Work request
When the records are reproduced, each one must match exactly, and no picture may be kept.

= = =

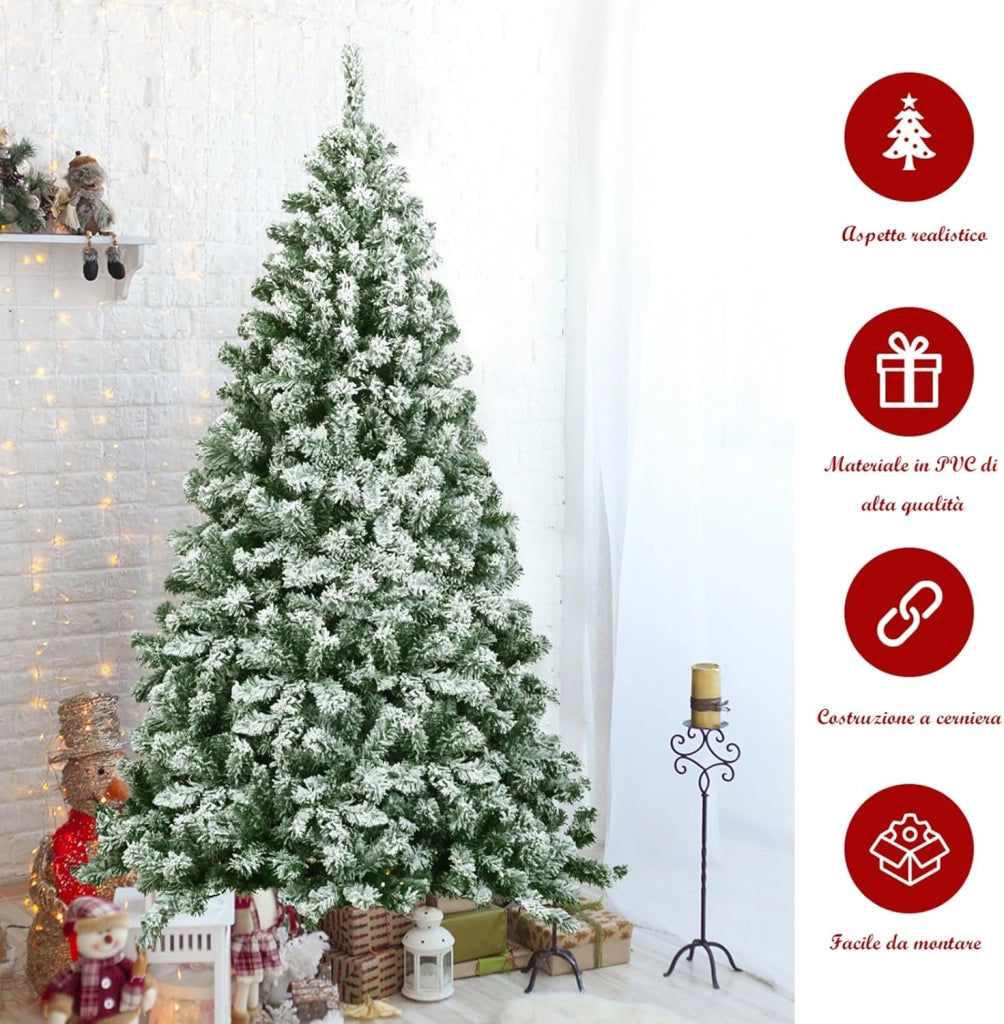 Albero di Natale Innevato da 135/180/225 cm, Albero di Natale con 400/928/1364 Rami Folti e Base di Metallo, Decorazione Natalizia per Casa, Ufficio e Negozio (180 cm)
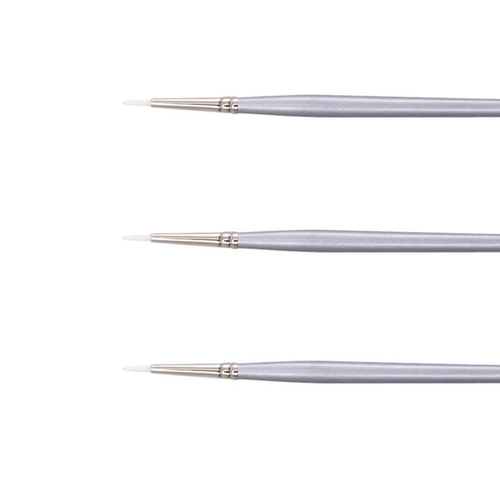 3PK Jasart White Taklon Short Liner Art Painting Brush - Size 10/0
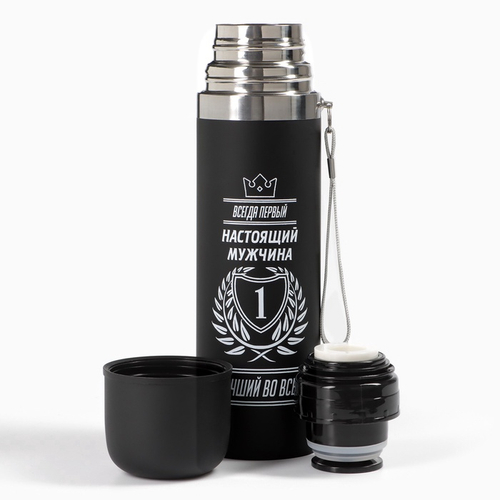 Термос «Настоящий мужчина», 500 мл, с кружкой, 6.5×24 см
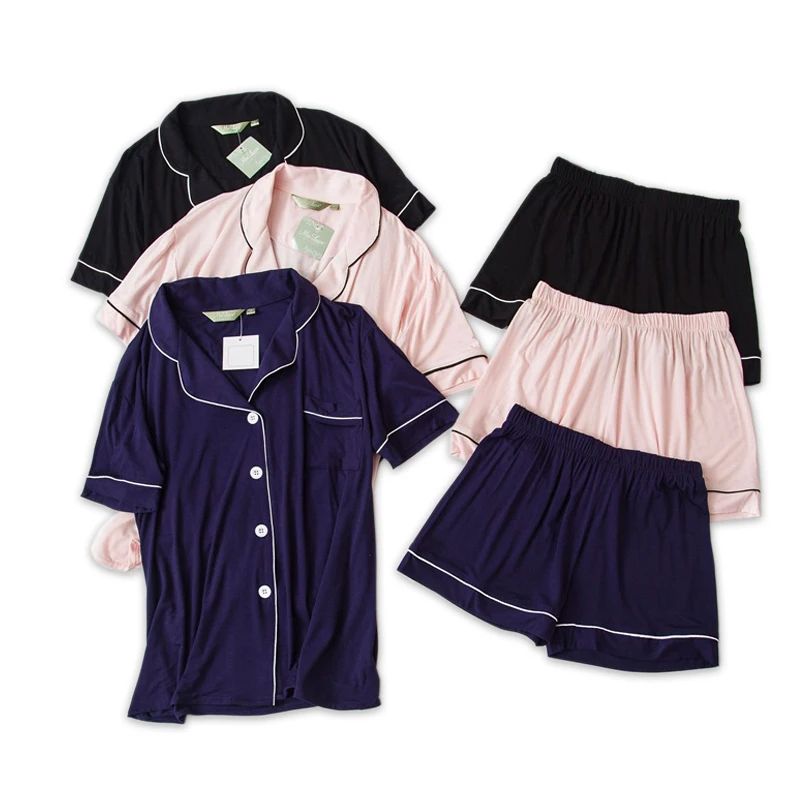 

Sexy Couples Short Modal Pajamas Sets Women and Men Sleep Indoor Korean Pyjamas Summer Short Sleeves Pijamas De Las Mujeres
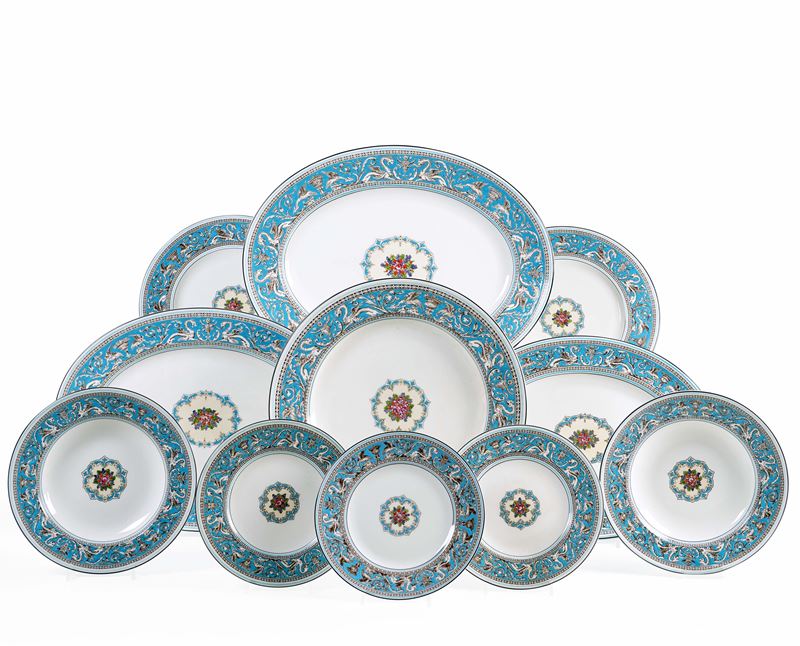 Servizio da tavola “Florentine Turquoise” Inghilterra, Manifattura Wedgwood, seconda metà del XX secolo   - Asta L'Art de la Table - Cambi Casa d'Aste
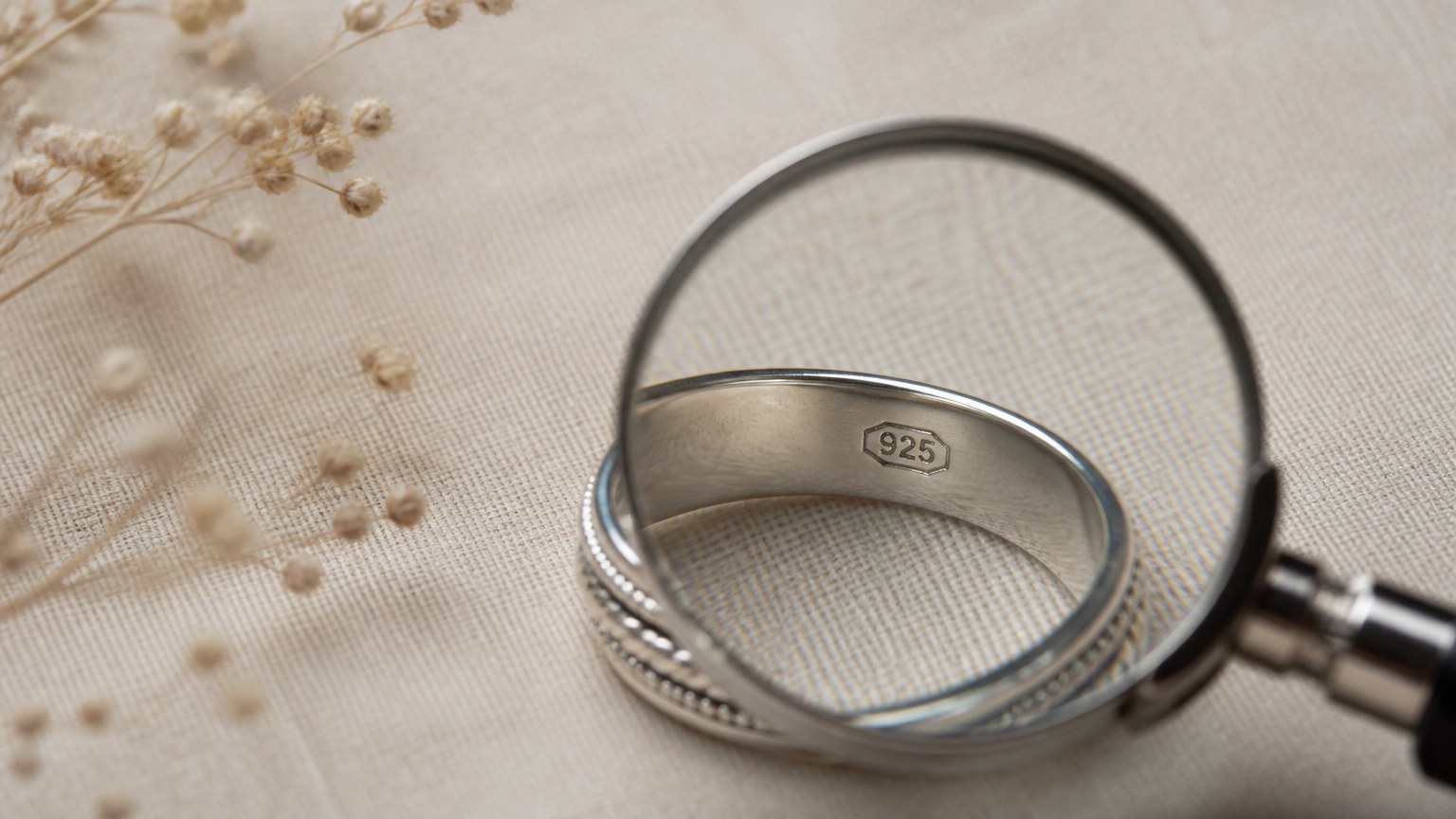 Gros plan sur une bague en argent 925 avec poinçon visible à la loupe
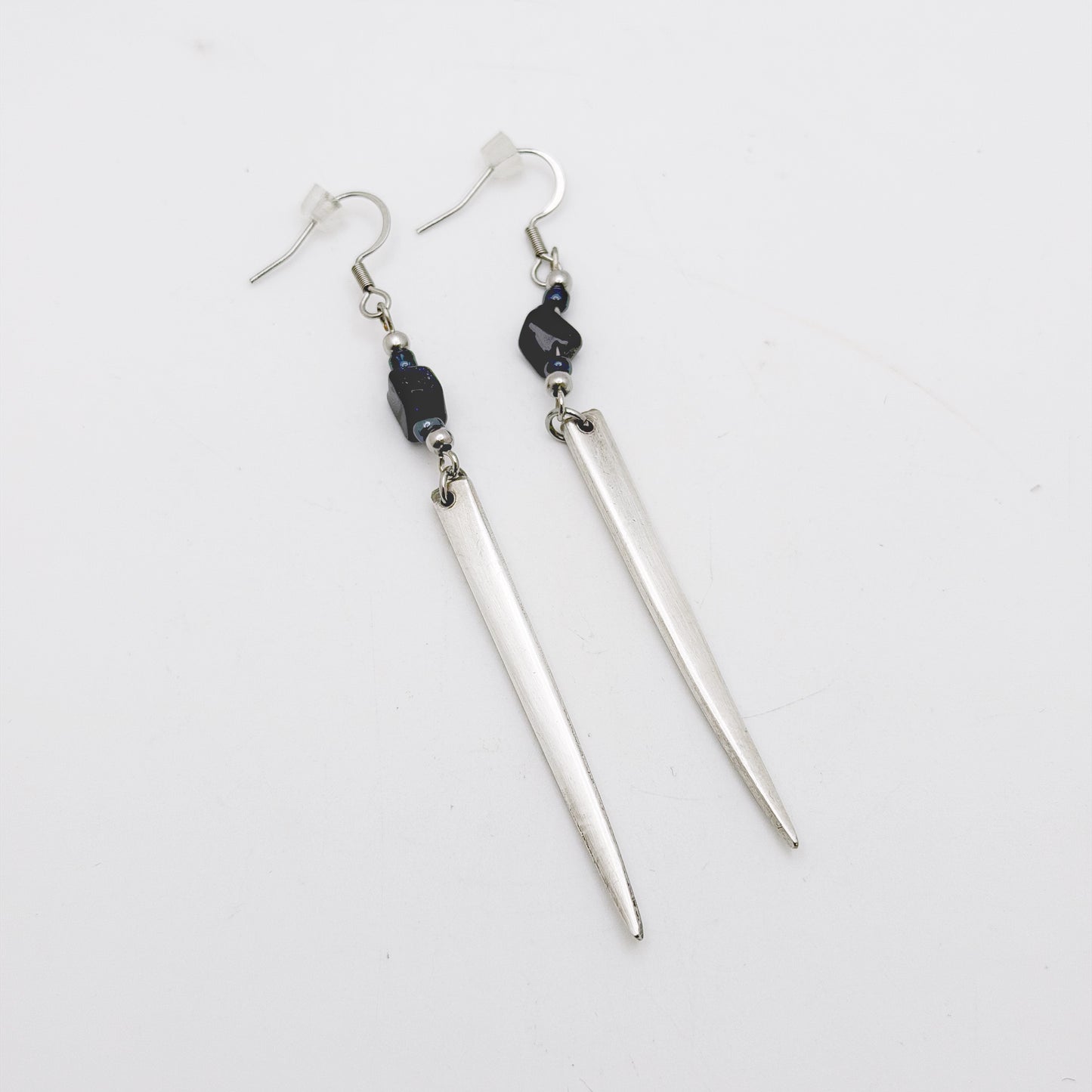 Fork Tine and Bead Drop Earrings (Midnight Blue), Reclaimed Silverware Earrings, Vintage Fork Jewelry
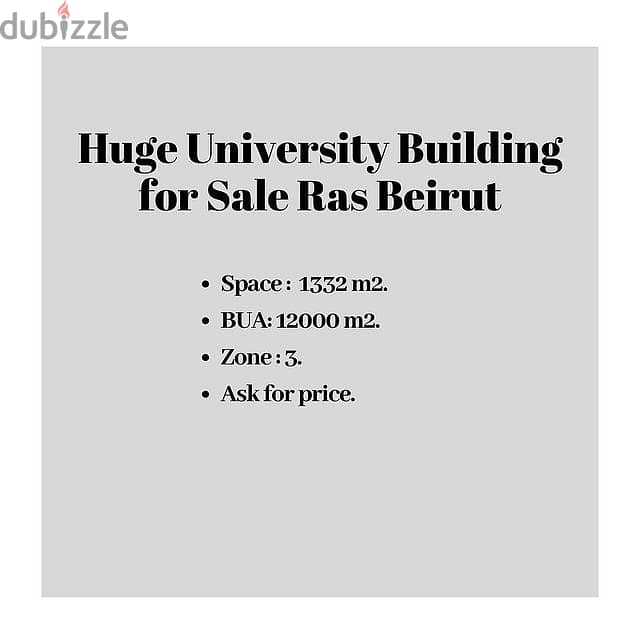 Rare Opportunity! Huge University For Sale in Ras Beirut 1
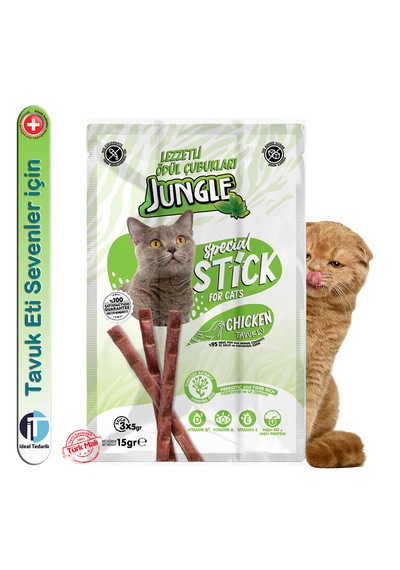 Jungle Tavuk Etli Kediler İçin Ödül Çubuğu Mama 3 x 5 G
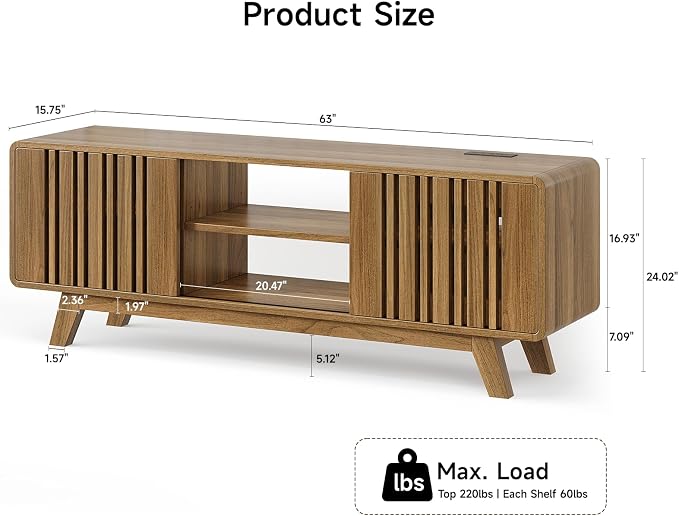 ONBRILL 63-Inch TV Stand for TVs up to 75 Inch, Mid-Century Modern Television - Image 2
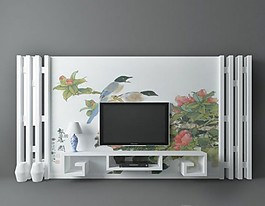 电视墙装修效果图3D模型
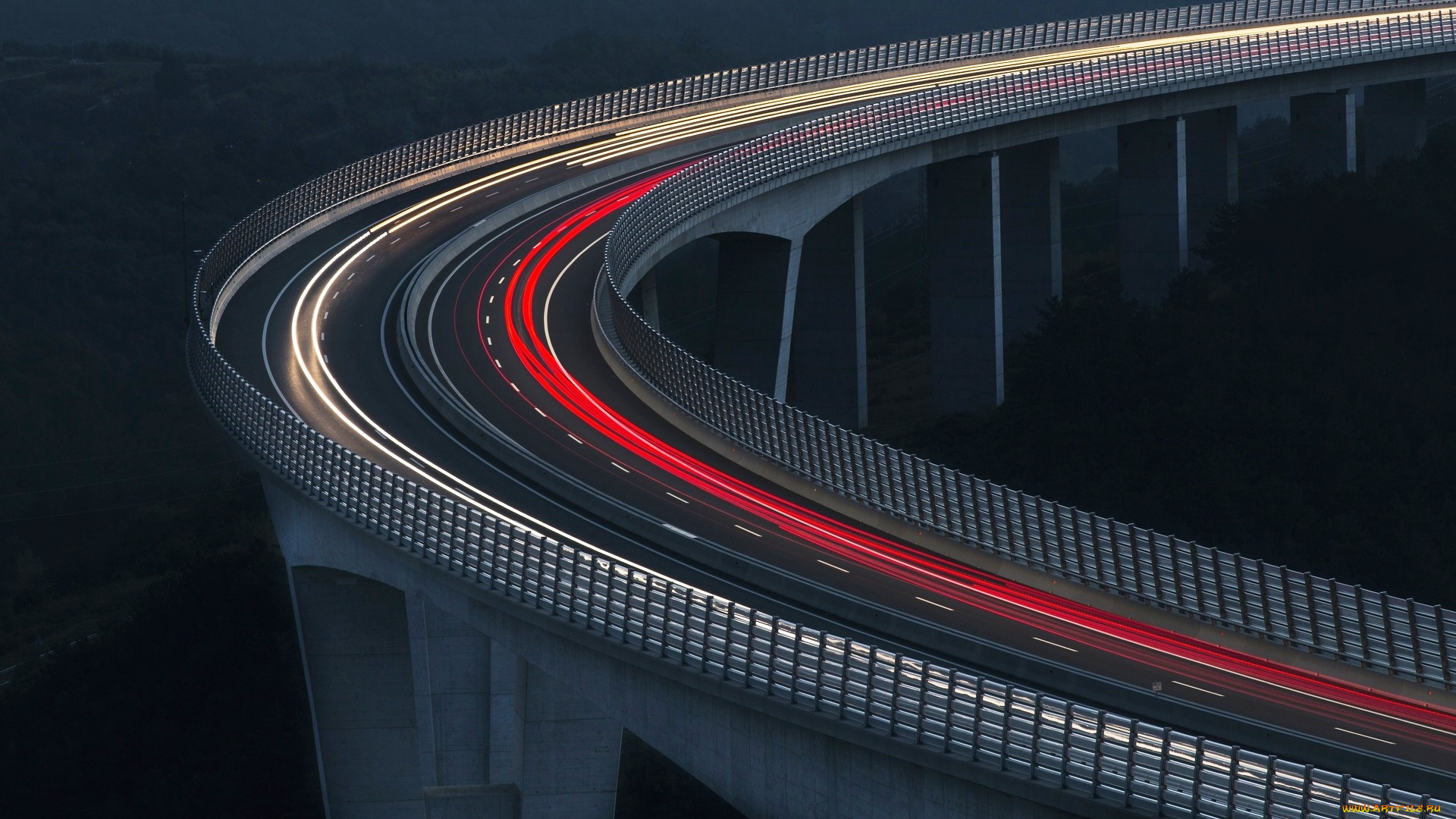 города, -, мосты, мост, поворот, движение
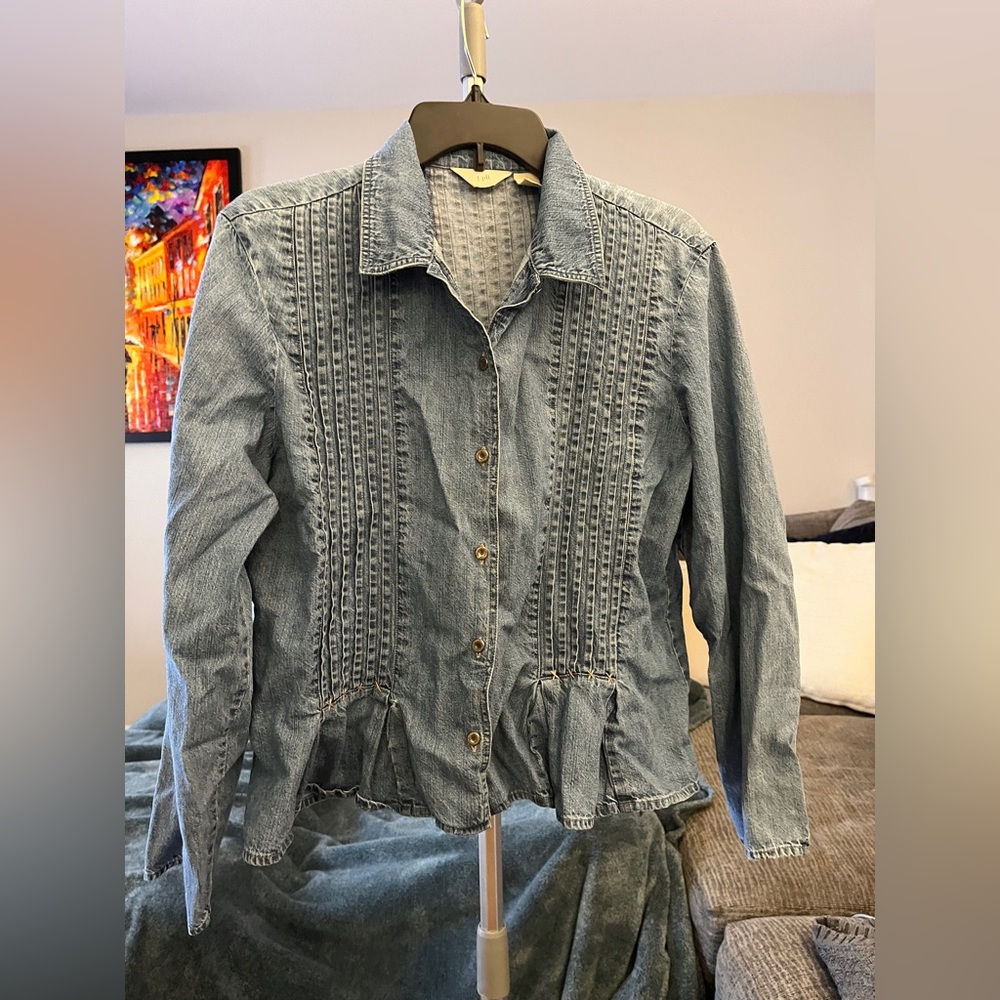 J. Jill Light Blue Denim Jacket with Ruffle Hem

= = =

Result of the task
 Albero di Natale Innevato da 135/180/225 cm, Albero di Natale con 400/928/1364 Rami Folti e Base di Metallo, Decorazione Natalizia per Casa, Ufficio e Negozio (180 cm)
 3PK Jasart White Taklon Short Liner Art Painting Brush - Size 10/0
 Термос «Настоящий мужчина», 500 мл, с кружкой, 6.5×24 см

Sexy Couples Short Modal Pajamas Sets Women and Men Sleep Indoor Korean Pyjamas Summer Short Sleeves Pijamas De Las Mujeres
 Servizio da tavola “Florentine Turquoise” Inghilterra, Manifattura Wedgwood, seconda metà del XX secolo   - Asta L'Art de la Table - Cambi Casa d'Aste
 Gros plan sur une bague en argent 925 avec poinçon visible à la loupe
 Fork Tine and Bead Drop Earrings (Midnight Blue), Reclaimed Silverware Earrings, Vintage Fork Jewelry
 Rare Opportunity! Huge University For Sale in Ras Beirut 1
 Jungle Tavuk Etli Kediler İçin Ödül Çubuğu Mama 3 x 5 G
 ONBRILL 63-Inch TV Stand for TVs up to 75 Inch, Mid-Century Modern Television - Image 2
 电视墙装修效果图3D模型
 города, -, мосты, мост, поворот, движение
 J. Jill Light Blue Denim Jacket with Ruffle Hem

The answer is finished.